__Your instructions__.
Go through the listing beneath and show each line containing the string "flat".

__Provided entries__.
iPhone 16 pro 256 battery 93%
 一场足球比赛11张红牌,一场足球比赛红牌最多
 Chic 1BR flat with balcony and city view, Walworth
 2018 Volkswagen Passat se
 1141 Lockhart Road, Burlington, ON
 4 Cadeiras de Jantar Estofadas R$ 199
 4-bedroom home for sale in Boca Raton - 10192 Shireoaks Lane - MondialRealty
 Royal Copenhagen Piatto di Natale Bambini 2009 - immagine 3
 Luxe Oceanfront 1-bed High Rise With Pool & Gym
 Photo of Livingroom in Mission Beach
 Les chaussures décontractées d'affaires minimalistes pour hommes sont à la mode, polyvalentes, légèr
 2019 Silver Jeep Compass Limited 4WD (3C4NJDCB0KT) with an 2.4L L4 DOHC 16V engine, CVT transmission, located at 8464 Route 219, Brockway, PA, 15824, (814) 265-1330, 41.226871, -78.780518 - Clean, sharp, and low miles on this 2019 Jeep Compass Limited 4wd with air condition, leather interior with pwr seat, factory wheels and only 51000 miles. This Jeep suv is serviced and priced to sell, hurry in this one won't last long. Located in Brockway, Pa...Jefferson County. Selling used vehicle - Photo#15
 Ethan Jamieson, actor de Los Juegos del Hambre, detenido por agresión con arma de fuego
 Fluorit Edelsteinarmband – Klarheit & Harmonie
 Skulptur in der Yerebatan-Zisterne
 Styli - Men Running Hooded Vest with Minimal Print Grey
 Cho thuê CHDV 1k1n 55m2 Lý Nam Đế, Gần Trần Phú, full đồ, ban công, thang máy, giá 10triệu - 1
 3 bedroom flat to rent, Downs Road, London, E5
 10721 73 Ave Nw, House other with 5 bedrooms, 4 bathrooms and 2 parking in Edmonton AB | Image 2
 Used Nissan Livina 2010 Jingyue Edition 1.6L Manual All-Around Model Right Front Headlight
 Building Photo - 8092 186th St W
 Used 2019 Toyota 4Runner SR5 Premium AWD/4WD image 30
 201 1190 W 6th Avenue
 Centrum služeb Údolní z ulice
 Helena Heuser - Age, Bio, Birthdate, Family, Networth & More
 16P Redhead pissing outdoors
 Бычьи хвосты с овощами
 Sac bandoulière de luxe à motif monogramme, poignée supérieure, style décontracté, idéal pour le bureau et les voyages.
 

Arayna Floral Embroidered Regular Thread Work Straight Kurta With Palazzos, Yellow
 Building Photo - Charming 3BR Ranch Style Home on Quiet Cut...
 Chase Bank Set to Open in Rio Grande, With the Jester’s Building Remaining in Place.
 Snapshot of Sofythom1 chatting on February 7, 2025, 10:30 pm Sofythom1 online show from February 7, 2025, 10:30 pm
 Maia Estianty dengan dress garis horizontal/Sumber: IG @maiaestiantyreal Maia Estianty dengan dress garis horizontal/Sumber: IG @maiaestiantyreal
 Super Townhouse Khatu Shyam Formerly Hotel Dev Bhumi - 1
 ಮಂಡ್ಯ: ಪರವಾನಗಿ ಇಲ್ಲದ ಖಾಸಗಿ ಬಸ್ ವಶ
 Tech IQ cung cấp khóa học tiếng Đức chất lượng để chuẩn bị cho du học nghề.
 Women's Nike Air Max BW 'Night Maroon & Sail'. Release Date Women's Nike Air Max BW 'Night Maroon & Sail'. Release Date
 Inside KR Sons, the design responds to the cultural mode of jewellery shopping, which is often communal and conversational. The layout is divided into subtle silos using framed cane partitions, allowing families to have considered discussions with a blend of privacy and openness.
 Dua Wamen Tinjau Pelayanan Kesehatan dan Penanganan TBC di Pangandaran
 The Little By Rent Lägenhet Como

__Expected answer__.
 Chic 1BR flat with balcony and city view, Walworth
 3 bedroom flat to rent, Downs Road, London, E5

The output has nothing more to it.